Le fait d’inclure les règles qui permettent d’éditer les offres aisément dans la plateforme n’est pas une initiative de la direction métier. Au moment de lancer le projet, une politique commerciale devait s’appliquer sur deux ans.
Si le passage au run implique une réduction des effectifs – deux équipes devraient maintenir la solution –, il reste encore des modèles à développer. De fait, la solution demeurera en place au moins jusqu’en 2028.
« Un outil de vente, ça vit. Dans la situation actuelle, nous sommes obligés d’imaginer le panel de tous les cas possibles et l’on développe beaucoup de choses qui ne servent jamais, mais qui restent disponibles au besoin », explique le DSI.
De gros chantiers en perspective
La suite implique la refonte de l’ensemble du SI commercial du marché des clients particuliers.
Il y a d’une part la bascule brownfield vers S/4HANA Private Cloud Edition sur site en passant par l’offre Rise with SAP. « Nous ne cherchons pas à réinventer la poudre. Nous pensons ne plus avoir les compétences nécessaires pour se lancer un projet greenfield. Il faudrait tout reconstruire, c’est monstrueux. C’est un ERP qui a 20 ans de conception, nous n’allons pas repartir de zéro. Et en plus, notre facturière fonctionne », argue Olivier Jehl.
Il fallait toutefois ne pas attendre le dernier moment pour lancer le projet de migration. Les entreprises, dont EDF, ne veulent pas se retrouver parmi les retardataires qui lanceraient cette initiative en 2027-2028.
Le marché du cloud souverain, pas assez mature pour la DSI d’EDF Particulier
L’un des sujets de la rénovation de ce SI commercial concerne le choix d’infrastructure, renseigne Olivier Jehl. « Faut-il migrer vers le cloud ou non ? Avec les réglementations européennes et les risques que représentent les lois extraterritoriales américaines, quand on manipule de la donnée personnelle sensible, nous sommes attendus au tournant », signale-t-il. « Dans ce contexte, nous avons fait le choix de conserver notre facturière on-premise ».

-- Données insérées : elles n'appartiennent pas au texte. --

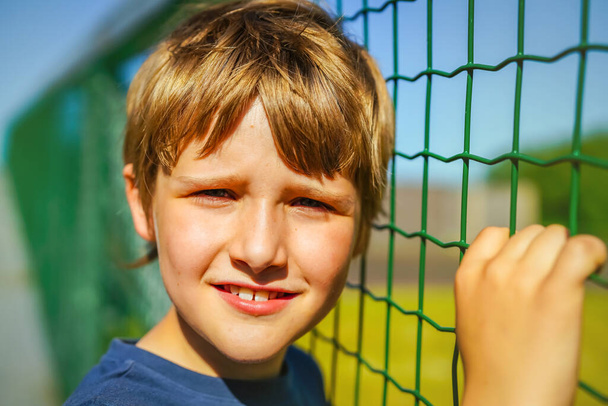 Dışarıda poz veren 9 yaşındaki sarışın bir çocuğun portresi. - Fotoğraf, Görsel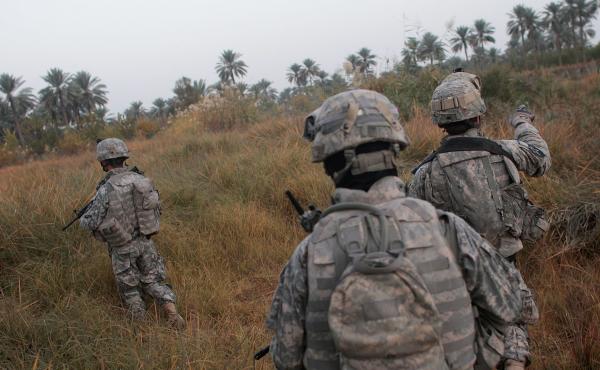 U.S. soldiers traverse fields on the way to conducting house-to- house searches in 2007 in Mukhisa, Iraq. U.S. soldiers traverse fields on the way to conducting house-to- house searches in 2007 in Mukhisa, Iraq.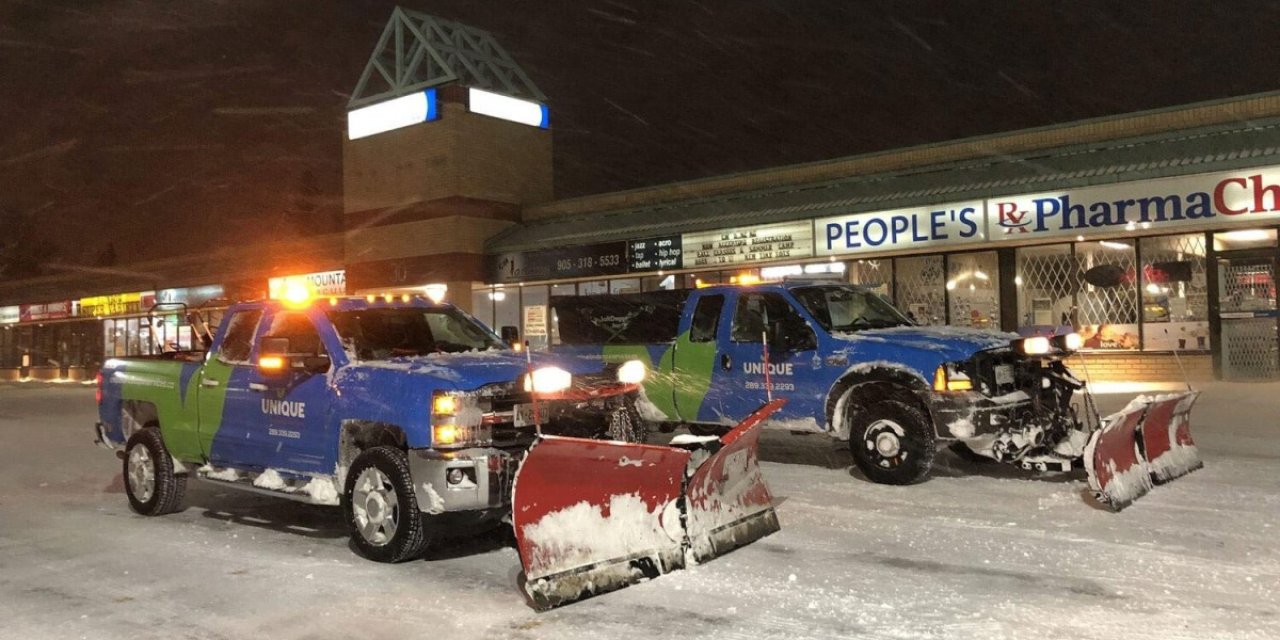 snow plow trucks in storm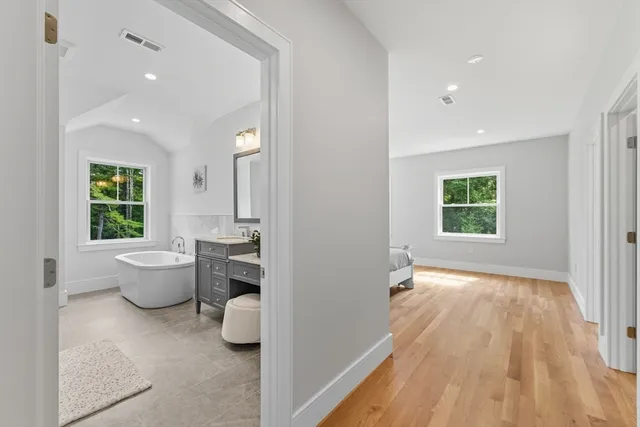 a bathroom with a toilet sink and bath tub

EDF Particulier pourrait se tourner vers un fournisseur de cloud souverain, mais la DSI considère que le marché n’est pas encore assez mature.

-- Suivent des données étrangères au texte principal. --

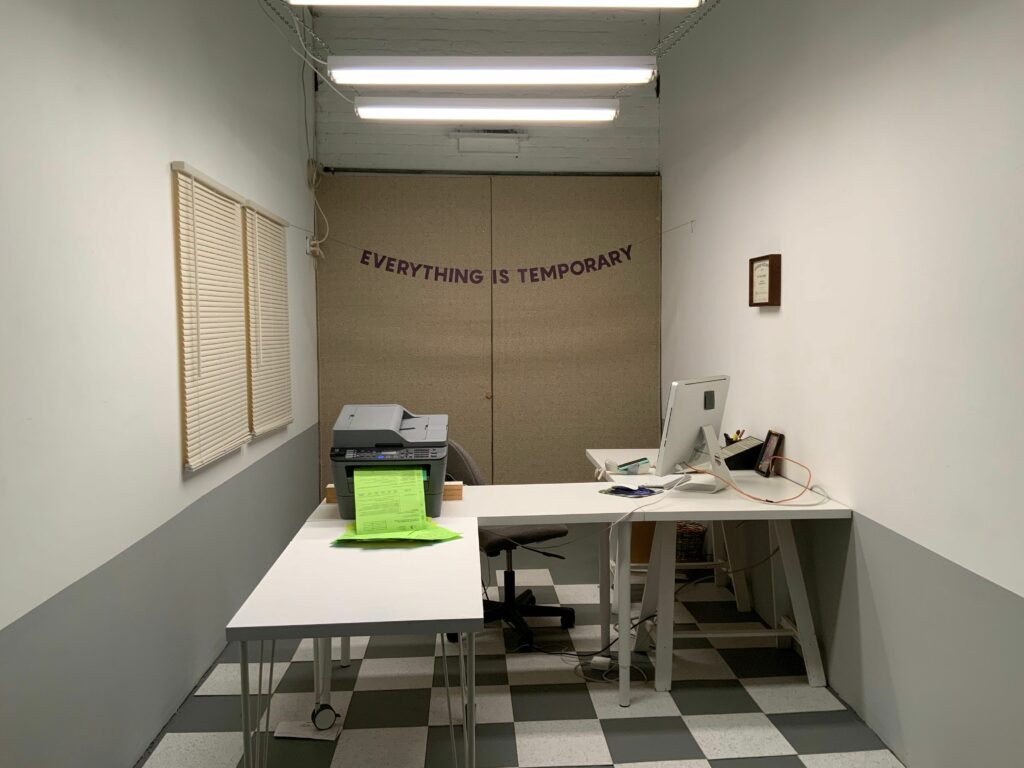 A small space set up with an L-shaped desk that holds a computer monitor, a printer with green paper, and stationary. The floor is grey and white checkered tile. The beige double doors behind the desk has a banner that says, "EVERYTHING IS TEMPORARY".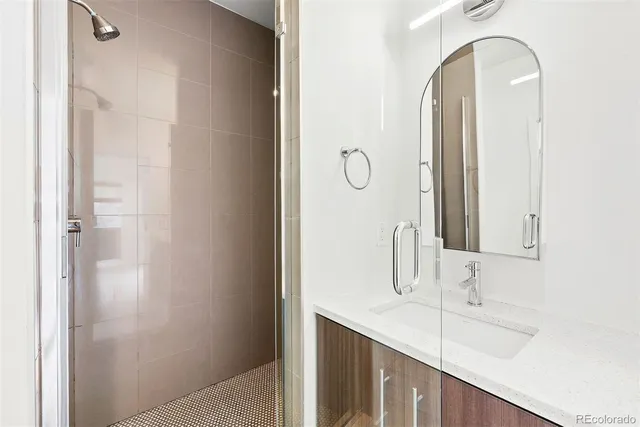 a bathroom with a double vanity sink and a mirror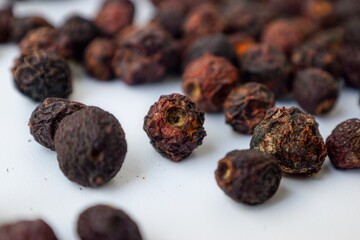 Dried cherries scattered on a white background. Vitamins for the winter.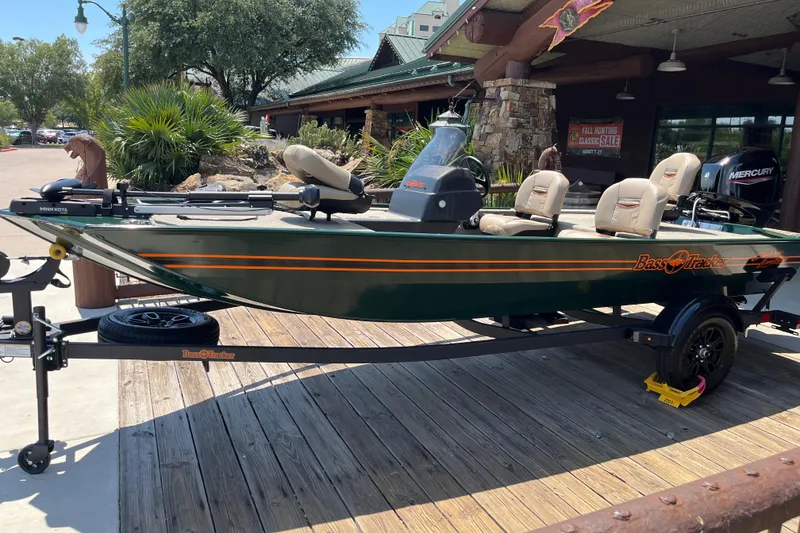 Slide: The Image of 2026 Tracker Bass Tracker Classic Limited boat on display outside a store. - 2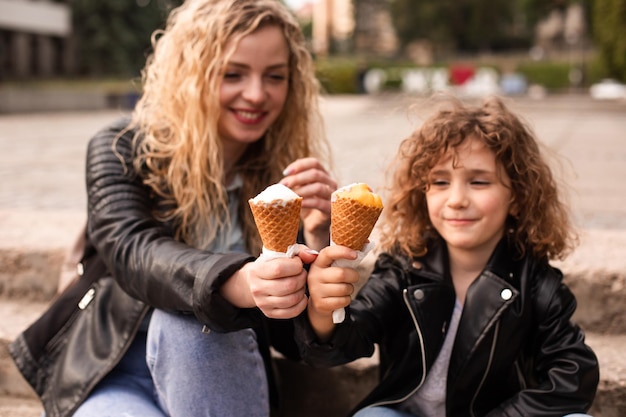 La madre y la hija felices sostienen un helado mientras caminan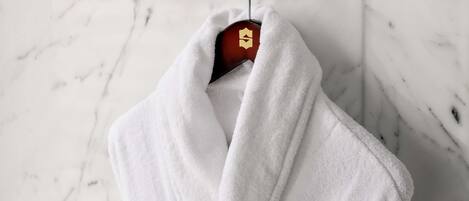 A white towel hanging on a metal towel rack in a bathroom with a marble floor.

« À date, nous ne voyons pas de solutions crédibles : nous migrerons vers un cloud de confiance le jour où il existera réellement », envisage Olivier Jehl.
D’ailleurs, EDF compte décommissionner le CRM 7 de SAP, et sélectionner une autre plateforme disponible depuis le cloud pour la gestion des contrats. Cette fois-ci, c’est Salesforce grâce à Vlocity qui s’est imposé lors de l’appel d’offres, annonce le DSI du marché Particuliers.

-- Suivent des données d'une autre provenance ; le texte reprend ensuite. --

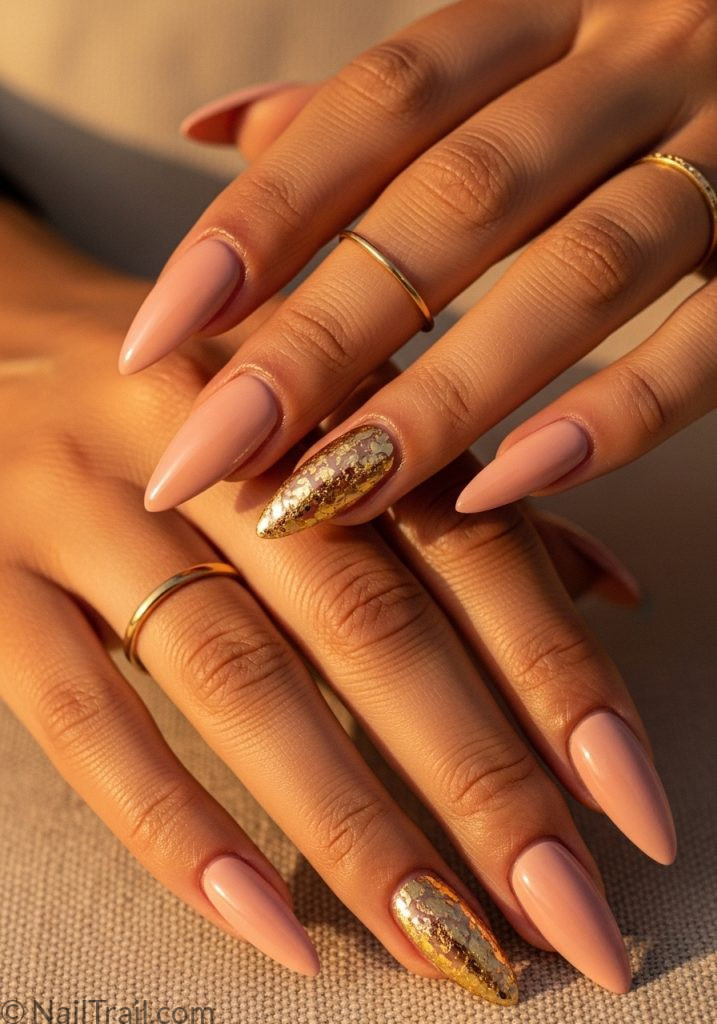 Nude pink stiletto nails with gold foil on warm medium skin hands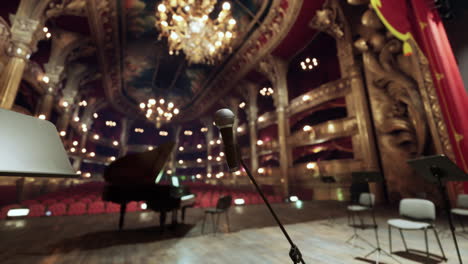 microphone on stage in a grand opera house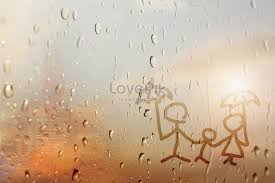 A Family Of Raindrops On A Glass Window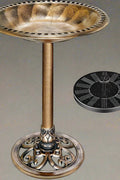 Antique copper polyresin bird bath with solar fountain

Top-down view of bird bath basin and solar pump

Decorative outdoor bird bath with stable pedestal base

Multiple fountain head options for water spray pattern

Garden setting with bird bath and solar-powered water feature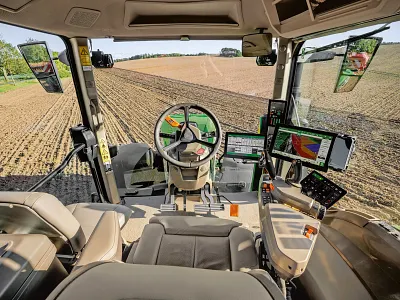 Vue intérieure d’une cabine de tracteur moderne montrant le siège de l’utilisateur, le volant, la console de commande et plusieurs écrans numériques. De grandes fenêtres offrent une vue imprenable sur un champ fraîchement labouré.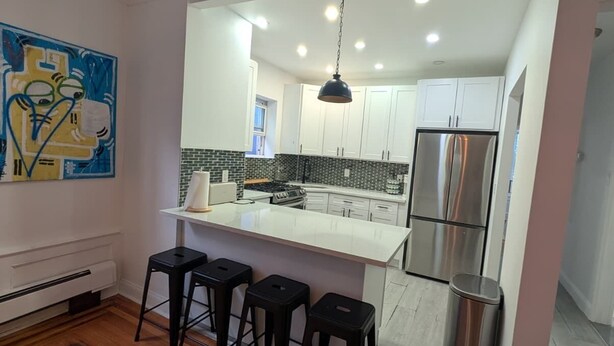 A modern kitchen with a central island, bar stools, and a stainless steel refrigerator.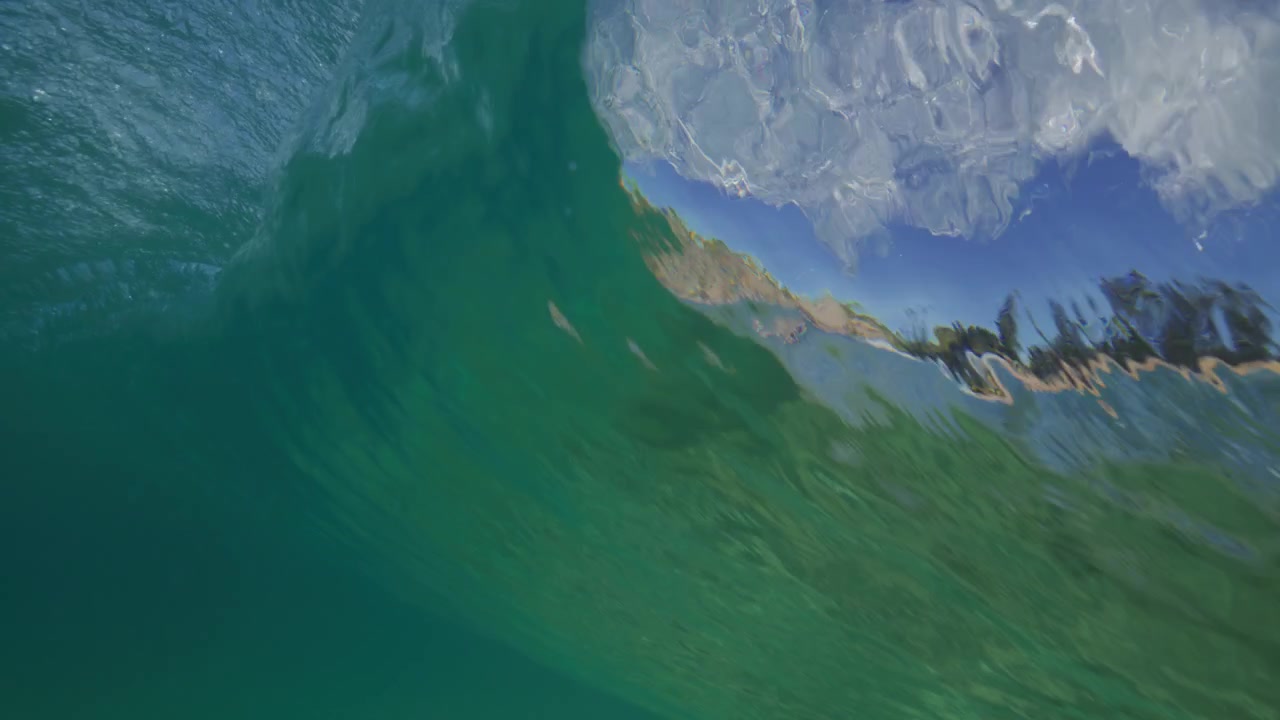 Un'onda che si infrange passa sopra la testa attraverso l'acqua limpida e turchese dell'oceano con la sua superficie curva sottostante, vista media da dietro di un'onda a tunnel.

Deux plateformes CRM à faire cohabiter
Cette hybridité des systèmes d’information impose une gymnastique afin de respecter les réglementations européennes.
« Cela oblige à être plus malin dans la gestion des données des clients », note Olivier Jehl. « Par exemple, les données confidentielles, comme les informations bancaires de nos clients ne sont pas stockées dans le cloud. Elles transitent dans les écrans à travers des flux sécurisés. Si l’on a besoin de mettre des données confidentielles dans le cloud, nous les chiffrons avec une clé qui n’appartient qu’à nous, stockée sur nos HSM. Nous savons le faire avec Pega, nous devrons le mettre en place avec Salesforce ».
Dans un premier temps, EDF réalisera la gestion des contrats et l’après-vente depuis Salesforce, tandis que Pega demeurera la plateforme de vente jusqu’en 2028. « Cet équilibre n’a pas vocation à rester forcément dual très longtemps. En toute bonne logique, si le projet Salesforce se déroule bien, nous récupérerons ce que nous avons fait avec Pega dans Salesforce », anticipe Olivier Jehl.
Selon toute vraisemblance, la DSI du marché Particuliers d’EDF devrait trouver les compétences localement. Par exemple, les modules de gestion des contrats d’énergie de Salesforce sont bien connus des intégrateurs français, dont Worldgrid, une division souvent oubliée dans la maison Eviden (ex-Atos).
« Cette fois-ci les compétences sont disponibles sur le marché, mais tout le secteur s’équipe au même moment », observe le DSI. Nous ne sommes pas les seuls à mener des projets S/4, Salesforce ou Pega, y compris au sein d’EDF ».